There were two young Thai men holding a placard with my name to receive me and my husband. Seeing their smiling young faces (they are students of Silpakorn National University, I gathered later), I felt a surge of joy and immediately felt quite at home. They told us that it would take a good two hours to reach our destination — the venue of the Congress.
As I settled down in the car, my mind raced back to reminisce the phenomenal rescue operations that had saved the lives of members of a junior football team comprising 12 young boys and their 25-year-old coach trapped in the Tham Luang Nang Non cave.
When the team went missing, efforts to locate it turned into an massive and intense operation. British divers going through narrow passages and murky waters found the group alive on an elevated rock about 4 km from the mouth of the cave. The news had the whole world sending prayers and blessings for their successful rescue.
Along with the unified endeavour, grit, determination and extreme skills of the rescue team, the whole effort involved more than 10,000 people including 100 divers, hundreds of rescue workers from 100 governmental agencies, 900 police officers, 200 soldiers and 10 police helicopters, police ambulances and more than 700 diving cylinders. The amount of water pumped out of the cave was more than a billion litres.
For the trapped boys, their coach proved to be a god-sent angel with motivation and resilience embedded in all his being. He took care of his students, strengthening their resolve mentally and emotionally in the most trying of trials. He taught them the power of mind over matter, and showed them how to attain “peace amid storm”. It is by the presence of mind in extreme emergencies that the native mettle of a man is tested. Kudos to the coach! After coming out of the cave, the young boys must have understood the special privilege of being alive, to breathe normally, to enjoy and live life fully. Ah, the age of miracles is forever here; we only need angels who work in the garb of men to make us realise that.

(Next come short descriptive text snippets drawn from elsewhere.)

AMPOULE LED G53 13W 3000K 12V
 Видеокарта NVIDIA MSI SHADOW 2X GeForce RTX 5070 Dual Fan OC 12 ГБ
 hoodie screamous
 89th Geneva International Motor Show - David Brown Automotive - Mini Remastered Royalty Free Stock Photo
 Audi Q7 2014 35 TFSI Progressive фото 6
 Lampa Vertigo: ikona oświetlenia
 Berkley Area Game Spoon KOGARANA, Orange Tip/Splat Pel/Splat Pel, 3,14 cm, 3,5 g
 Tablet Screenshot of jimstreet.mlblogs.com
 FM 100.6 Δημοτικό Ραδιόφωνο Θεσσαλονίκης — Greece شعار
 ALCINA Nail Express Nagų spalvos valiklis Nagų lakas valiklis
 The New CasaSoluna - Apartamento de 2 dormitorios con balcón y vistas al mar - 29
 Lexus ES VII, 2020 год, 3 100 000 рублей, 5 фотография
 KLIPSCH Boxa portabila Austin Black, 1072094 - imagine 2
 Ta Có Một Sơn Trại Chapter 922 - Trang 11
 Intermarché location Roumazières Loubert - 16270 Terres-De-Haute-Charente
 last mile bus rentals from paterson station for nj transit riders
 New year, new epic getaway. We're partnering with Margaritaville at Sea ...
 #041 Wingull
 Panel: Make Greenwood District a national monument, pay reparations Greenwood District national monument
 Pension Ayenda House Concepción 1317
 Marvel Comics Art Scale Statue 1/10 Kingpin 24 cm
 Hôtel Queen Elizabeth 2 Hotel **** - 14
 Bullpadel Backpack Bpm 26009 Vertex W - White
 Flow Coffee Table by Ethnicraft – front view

With moist eyes I came out of my reverie, but my heart continued to hold that sense of inexplicable joy and gratitude till much after. I again swelled with pride and honour when I saw our tricolour being put up on the podium while I presented my poems and paper to the Congress where poets from various countries had congregated. The feelings behind the Sanskrit phrase soared high: Vasudhaiva Kutumbakam (The world is one family).